Photo: Steffen / Flickr
Skype's developers have just posted a fascinating explanation for last week's massive service disruption, in which millions of people were unable to log in to the popular Internet phone service for more than a day.
On the company's network-status blog, Skype explains that contrary to many rumors, it wasn't terrorists or hackers or other nefarious types who caused the system to go down. It was us: me and you and everyone else who loves Skype. More or less at the same time, last week, a huge number of us restarted our computers -- and all those simultaneous Skype login requests triggered a previously unknown bug in the software that "prompted a chain reaction that had a critical impact," Skype says.
But wait a minute -- why did everyone restart their machines at the same time? Because Microsoft put out some updates for Windows last week; people rebooted after installing the patches. The Windows updates were routine, and there was nothing in the updates that interfered with Skype -- it was merely that the patch caused folks to log out and then log in to Skype.
Skype operates on a peer-to-peer network. On such networks, data isn't sent through a central server, but is instead routed through many network nodes; peer-to-peer networks are hailed for stability, because they contain few critical locations whose failure could cause the whole network to come down. This outage, though, highlights an intriguing vulnerability in such networks: social behavior. A peer-to-peer network is nothing, after all, if a huge number of peers suddenly quit the system at the same time -- and who can predict when that'll happen?
Well, maybe you say that Skype should have predicted this; after all, Windows updates aren't unusual. The bug uncovered in last week's outage has apparently been lying dormant in the software for more than four years -- shouldn't someone have spotted it by now?
But this is a classic peak-load problem. Tens of millions of people logging in at the same time is a very rare thing, and it's unreasonable to expect any network to handle that well. I'd venture it's also bad management to spend engineering resources planning for such an unusual problem rather than what happens during ordinary use. Perhaps Skype could have run simulations to test the system in the event of a flood of login requests -- and, who knows, maybe they did, and missed this bug still.

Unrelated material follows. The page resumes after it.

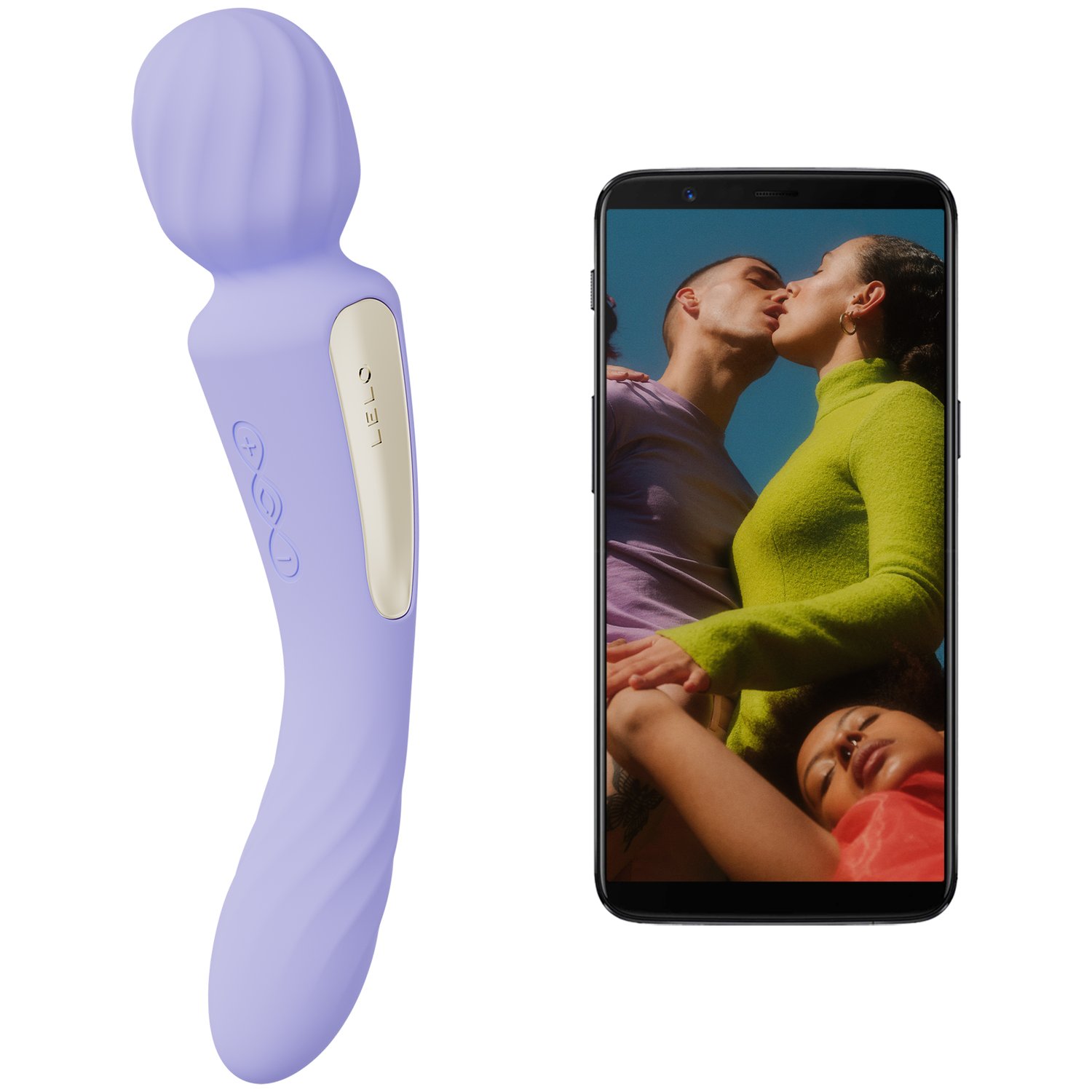 Switch Vibromasseur Wand Double Extrémité 2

And that's in the nature of bugs; through use and testing, we clean them out, but there are many others lying in wait. Skype has had four years of pretty good service. This outage, it says, "was unprecedented in terms of its impact and scope."
The company says it will put out "a number of improvements to its software to ensure that our users will not be similarly affected in the unlikely possibility of this combination of events recurring." That's good. Just don't expect perfection.